What do invasive species do to amphibians?

Today our amazing global meta-analysis on the impacts of alien species on amphibians was published. This MeaseyLab project was the brainchild of Ana Nunes. Way back in July 2015, Ana spotted that while there had been some great reviews of impacts of invasive species on amphibians, so far there hadn't been a meta-analysis. She introduced the idea to the lab, and then kept us busy for many months reading and scoring papers on impacts.
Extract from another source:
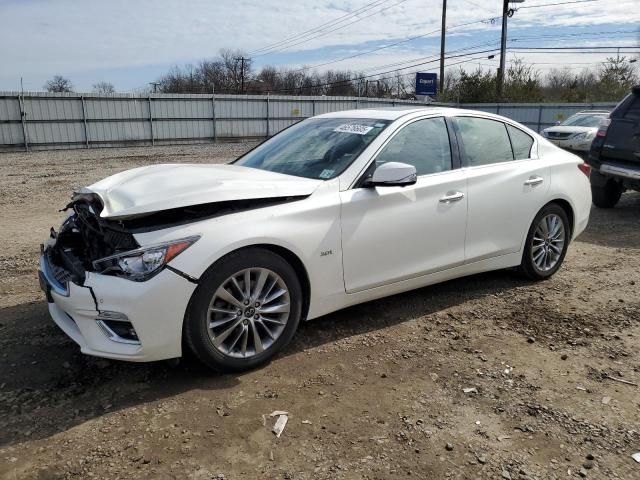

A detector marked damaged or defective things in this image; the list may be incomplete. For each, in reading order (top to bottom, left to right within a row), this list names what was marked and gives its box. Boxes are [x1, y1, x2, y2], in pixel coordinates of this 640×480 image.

crumpled hood [82, 164, 322, 218]
broken headlight [92, 234, 200, 280]
detached front bumper [38, 253, 198, 362]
It has now paid off with our paper being published today in Proceedings of the Royal Scociety B. It's been a long haul, but it was certainly worth it.

So what did we find?

What we found was quite surprising. While most people focus on the negative impacts of fish being most deleterious to amphibians, we found that the biggest effect was in fact from invertebrates. Moreover, most of the studies of invertebrates on amphibians featured the impacts of crayfish on tadpoles. Ana did her PhD in exactly this area, and so we got some great insight into exactly what the mechanisms involved were.

Other important findings involved the holes in our knowledge of impacts of alien species on amphibians. Very few studies have been conducted on adults, especially the impacts of invasive plants. These insights really help when planning future work.

Ana left us in June 2017, and now works for the IUCN in Cambridge. But if you want a really good look at the lab group that took part in this work, look no further than the infamous MeaseyLab Mannequin Challenge

Nunes, A.L., Fill, J.M., Davies, S.J., Louw, M., Rebelo, A.D., Thorp, C.J., Vimercati, G. & Measey, J. (2019) A global meta-analysis of the ecological impacts of alien species on native amphibians. Proceedings of the Royal Society B  20182528.